NK-cell enteropathy: a benign NK-cell lymphoproliferative disease mimicking intestinal lymphoma: clinicopathologic features and follow-up in a unique case series


Intestinal T-cell and natural killer (NK)–cell lymphomas are clinically aggressive and can be challenging to diagnose in small endoscopic biopsies. We describe 8 patients in whom atypical NK-cell lymphoproliferative lesions mimicked NK- or T-cell lymphoma. The patients (2 men; 6 women; ages 27-68 years) presented with vague gastrointestinal symptoms with lesions involving stomach, duodenum, small intestine, and colon.
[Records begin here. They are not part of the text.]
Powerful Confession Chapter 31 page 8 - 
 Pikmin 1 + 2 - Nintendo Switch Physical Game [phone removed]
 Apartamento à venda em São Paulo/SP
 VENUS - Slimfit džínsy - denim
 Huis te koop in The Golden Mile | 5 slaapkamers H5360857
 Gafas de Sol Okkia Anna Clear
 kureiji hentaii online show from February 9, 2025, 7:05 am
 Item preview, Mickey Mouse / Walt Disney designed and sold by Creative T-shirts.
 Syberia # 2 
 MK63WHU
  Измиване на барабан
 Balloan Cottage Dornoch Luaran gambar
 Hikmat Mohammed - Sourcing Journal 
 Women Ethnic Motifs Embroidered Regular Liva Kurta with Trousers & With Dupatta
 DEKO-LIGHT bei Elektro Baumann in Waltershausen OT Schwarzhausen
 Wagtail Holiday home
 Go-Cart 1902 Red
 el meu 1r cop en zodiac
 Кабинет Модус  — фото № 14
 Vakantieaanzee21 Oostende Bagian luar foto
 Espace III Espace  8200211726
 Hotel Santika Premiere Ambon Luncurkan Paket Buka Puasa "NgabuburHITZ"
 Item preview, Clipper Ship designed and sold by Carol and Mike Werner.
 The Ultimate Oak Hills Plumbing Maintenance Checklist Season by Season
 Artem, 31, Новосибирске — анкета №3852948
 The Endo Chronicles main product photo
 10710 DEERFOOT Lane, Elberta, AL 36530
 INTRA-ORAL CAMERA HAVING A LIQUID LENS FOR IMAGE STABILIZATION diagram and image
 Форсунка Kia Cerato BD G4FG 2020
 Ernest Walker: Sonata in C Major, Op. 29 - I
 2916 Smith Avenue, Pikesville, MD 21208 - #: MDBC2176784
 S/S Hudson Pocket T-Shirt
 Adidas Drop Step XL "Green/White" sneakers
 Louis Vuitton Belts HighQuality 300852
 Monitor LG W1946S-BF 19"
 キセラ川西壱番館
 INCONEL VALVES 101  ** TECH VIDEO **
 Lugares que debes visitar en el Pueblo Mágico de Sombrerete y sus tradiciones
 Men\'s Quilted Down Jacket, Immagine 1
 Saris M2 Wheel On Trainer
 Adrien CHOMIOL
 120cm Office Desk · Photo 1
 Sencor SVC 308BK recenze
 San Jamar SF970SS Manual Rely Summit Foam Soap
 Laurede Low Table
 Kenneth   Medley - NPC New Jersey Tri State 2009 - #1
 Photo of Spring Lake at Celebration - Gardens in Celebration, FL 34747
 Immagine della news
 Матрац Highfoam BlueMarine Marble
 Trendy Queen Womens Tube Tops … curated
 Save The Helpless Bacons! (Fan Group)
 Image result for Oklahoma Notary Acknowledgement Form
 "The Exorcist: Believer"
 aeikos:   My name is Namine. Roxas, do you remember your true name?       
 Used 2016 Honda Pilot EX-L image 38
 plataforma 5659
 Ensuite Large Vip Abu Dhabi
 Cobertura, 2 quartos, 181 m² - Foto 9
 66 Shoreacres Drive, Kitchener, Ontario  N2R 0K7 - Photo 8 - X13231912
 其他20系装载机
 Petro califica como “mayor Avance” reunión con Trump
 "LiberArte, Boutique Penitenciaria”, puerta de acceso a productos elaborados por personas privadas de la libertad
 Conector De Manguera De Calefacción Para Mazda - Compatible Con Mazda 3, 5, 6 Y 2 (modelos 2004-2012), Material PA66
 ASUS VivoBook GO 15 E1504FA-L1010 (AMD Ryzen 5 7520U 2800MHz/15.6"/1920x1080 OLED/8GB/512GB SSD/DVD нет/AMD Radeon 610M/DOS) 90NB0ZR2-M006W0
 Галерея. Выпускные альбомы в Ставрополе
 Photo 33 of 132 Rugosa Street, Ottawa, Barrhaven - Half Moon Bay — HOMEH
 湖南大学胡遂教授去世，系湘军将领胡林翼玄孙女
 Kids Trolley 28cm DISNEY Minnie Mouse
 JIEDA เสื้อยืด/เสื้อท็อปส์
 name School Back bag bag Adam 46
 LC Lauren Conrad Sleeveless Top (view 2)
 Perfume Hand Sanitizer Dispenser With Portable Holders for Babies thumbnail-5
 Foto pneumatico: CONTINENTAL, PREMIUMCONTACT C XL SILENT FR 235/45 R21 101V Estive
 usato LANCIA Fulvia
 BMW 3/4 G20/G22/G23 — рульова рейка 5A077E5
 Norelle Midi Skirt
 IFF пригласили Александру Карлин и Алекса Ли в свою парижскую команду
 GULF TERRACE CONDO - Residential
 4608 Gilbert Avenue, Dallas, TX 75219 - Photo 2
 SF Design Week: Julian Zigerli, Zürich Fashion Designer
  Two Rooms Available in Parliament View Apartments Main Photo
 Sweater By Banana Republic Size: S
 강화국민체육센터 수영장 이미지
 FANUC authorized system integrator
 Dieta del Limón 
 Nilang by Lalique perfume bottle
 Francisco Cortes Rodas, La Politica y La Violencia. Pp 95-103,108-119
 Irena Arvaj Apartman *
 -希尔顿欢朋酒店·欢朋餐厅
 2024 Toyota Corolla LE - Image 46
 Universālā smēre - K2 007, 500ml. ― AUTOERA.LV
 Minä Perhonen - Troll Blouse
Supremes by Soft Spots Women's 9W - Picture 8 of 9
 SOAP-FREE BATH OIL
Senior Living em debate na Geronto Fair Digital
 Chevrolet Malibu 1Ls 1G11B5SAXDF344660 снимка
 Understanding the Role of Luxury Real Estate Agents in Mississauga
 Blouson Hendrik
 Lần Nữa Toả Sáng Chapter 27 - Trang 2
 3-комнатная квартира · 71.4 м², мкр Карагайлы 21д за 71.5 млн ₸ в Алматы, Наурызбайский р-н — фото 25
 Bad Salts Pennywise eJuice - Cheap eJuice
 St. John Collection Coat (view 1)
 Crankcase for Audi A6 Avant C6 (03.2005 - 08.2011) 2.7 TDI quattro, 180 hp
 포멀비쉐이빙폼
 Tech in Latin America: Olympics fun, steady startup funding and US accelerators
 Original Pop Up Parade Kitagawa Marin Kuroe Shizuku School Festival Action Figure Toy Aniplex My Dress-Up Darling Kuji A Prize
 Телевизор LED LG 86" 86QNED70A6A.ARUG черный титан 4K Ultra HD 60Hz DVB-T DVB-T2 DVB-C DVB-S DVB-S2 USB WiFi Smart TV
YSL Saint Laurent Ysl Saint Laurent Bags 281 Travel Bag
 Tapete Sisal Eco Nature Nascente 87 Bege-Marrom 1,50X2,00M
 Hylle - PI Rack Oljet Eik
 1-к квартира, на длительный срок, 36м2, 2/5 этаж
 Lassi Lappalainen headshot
At endoscopy, the lesions exhibited superficial ulceration, edema, and hemorrhage. Biopsies revealed a mucosal infiltrate of atypical cells with an NK-cell phenotype (CD56+/TIA-1+/Granzyme B+/cCD3+), which displaced but did not invade the glandular epithelium. Epstein-Barr virus–encoded RNA in situ hybridization was negative, and T-cell receptor-γ gene rearrangement showed no evidence of a clonal process. Based on an original diagnosis of lymphoma, 3 patients received aggressive chemotherapy followed by autologous bone marrow transplantation in 2. Five patients were followed without treatment. However, no patient developed progressive disease or died of lymphoma (median follow-up, 30 months). Repeat endoscopies in 6 of 8 patients showed persistence or recurrence of superficial gastrointestinal lesions. This unique entity mimics intestinal and NK-/T-cell lymphomas on endoscopic biopsies and can result in erroneous diagnosis, leading to aggressive chemotherapy. We propose the term “NK-cell enteropathy” for this syndrome of as yet unknown etiology.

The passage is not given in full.